In contrast to May 2017, the biggest driver of growth amongst the SUVs was the small SUV subsegment, which totalled 182,000 units, a significant increase of 37%. This strong performance can be attributed to the growth of both the segment leader – the Renault Captur and second generation Dacia Duster which recorded increases of 26% and 29% respectively. Other launches such as the Volkswagen T-Roc, Citroën C3 Aircross and Opel/Vauxhall Crossland also all recorded strong results.
Felipe Munoz, JATO’s Global Analyst, commented: “The recent period of sustained growth has resulted in changes in the composition of the market – with the SUV segment growing in significance as the only alternative to traditional segments. The increasing significance of the SUV segment is evident in the performance of the market’s latest launches; almost two thirds of the cars launched currently are SUVs, meaning that the market offering and consumer demand are both favouring SUVs, and we’re likely to see more from SUV manufacturers as this segment increases its dominance. This, combined with the continued decline of the diesel fueltype is altering the make-up of the automotive market, meaning that we may no longer see the huge increases of previous years as the market continues to stabilise. It will be interesting to see how this trend develops as manufacturers adapt.
Compact SUVs also contributed to the market’s performance, recording a total increase in volume of 23% compared to the same period last year, with 208,600 units registered. The Volkswagen Tiguan was Europe’s best selling SUV, closely followed by the Nissan Qashqai and Peugeot 3008.
Despite the boost from SUVs, the growth in the market continued to stabilise as the automotive sector struggled with the declining fortunes of the diesel fueltype. Registrations of diesel vehicles were down by 19% compared to the same period last year, which meant diesels accounted for 36% of total registrations for the 17 European markets analysed. Despite this, the decline in diesels was not offset by volume increases in the gasoline and hybrid markets. Volume for gasoline vehicles grew by 15%, whilst AFVs recorded a volume increase of 27% which was boosted due to the increasing numbers of electric cars and plug-ins available in the market.

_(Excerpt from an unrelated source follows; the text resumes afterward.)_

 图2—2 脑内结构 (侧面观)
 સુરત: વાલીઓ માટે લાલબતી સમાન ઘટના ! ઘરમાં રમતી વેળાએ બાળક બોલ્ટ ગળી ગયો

In the model ranking, the Volkswagen Golf maintained its leading position, despite a decline in volume of 4%, in part due to reduced demand in Germany and France which saw declines of 6.6% and 29% respectively. The Clio, Polo and Fiesta maintained their positions, whilst notably the Volkswagen Tiguan rose up the ranking by four places to fifth position. The Dacia Sandero also improved its position, rising from tenth in May 2017 to sixth this year. The Ford Focus and Renault Captur also re-entered the top ten due to strong performances.

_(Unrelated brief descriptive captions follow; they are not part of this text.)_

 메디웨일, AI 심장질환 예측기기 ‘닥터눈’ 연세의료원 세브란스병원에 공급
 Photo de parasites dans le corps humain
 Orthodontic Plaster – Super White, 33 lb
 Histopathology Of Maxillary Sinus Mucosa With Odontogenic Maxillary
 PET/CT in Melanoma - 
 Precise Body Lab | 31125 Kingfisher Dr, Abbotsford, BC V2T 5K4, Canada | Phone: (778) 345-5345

The Volkswagen T-Roc was the hero of the month, it placed 26th in the model ranking, outselling the Opel/Vauxhall Mokka and meaning it was the fourth bestselling small SUV in Europe. Other strong performances in May came from the Peugeot 3008, Dacia Duster, Ford Ecosport, Peugeot 5008, Audi Q5 and BMW X3.

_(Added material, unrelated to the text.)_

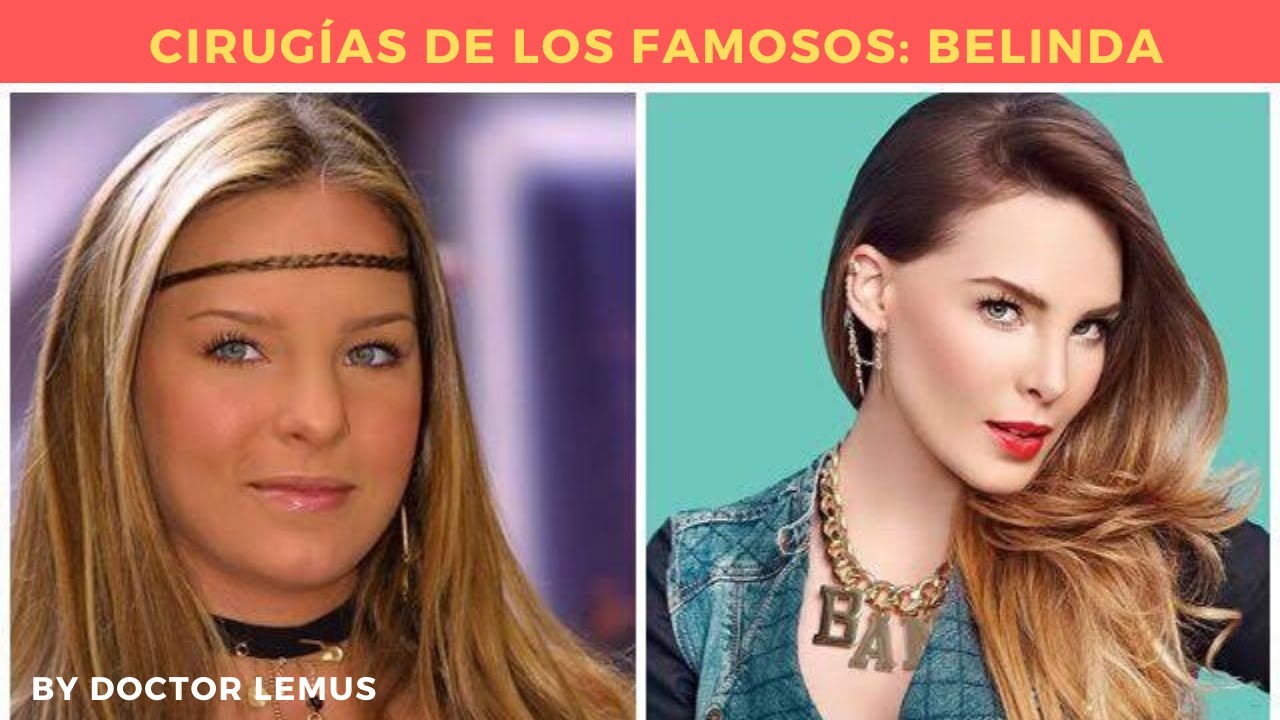 LAS 19 CIRUGÍAS PLÁSTICAS DE BELINDA 😱 DOCTOR LEMUS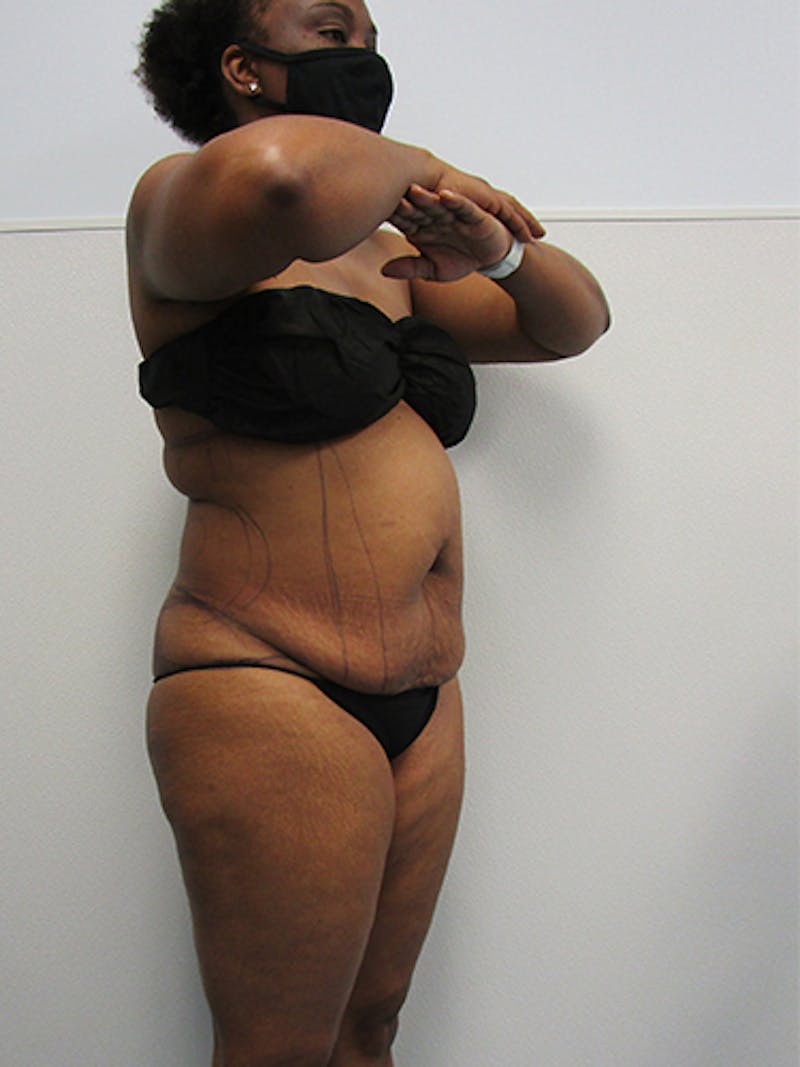 Liposuction Before & After Gallery - Patient 357076 - Image 3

May registrations of the latest launches included 20 units of the Ferrari Portofino, 22 units of the Jaguar I-Pace, 194 units of the Alpine A110, 394 units of the Kia Stinger, 96 units of the Peugeot Rifter, 30 units of the Mitsubishi Shogun Sport, 27 units of the Rolls-Royce Phantom, 60 units of the Lexus LS and 2 units of the Lamborghini Urus.
The best sellers by segment were the Fiat 500 (City-car), Renault Clio (subcompact), Volkswagen Golf (compact), Volkswagen Passat (midsize), Mercedes E-Class (executive), Mercedes S-Class (luxury), Renault Scenic (MPV), Porsche 911 (sport) and Volkswagen Tiguan (SUV). The Audi A3 was the best-selling premium car.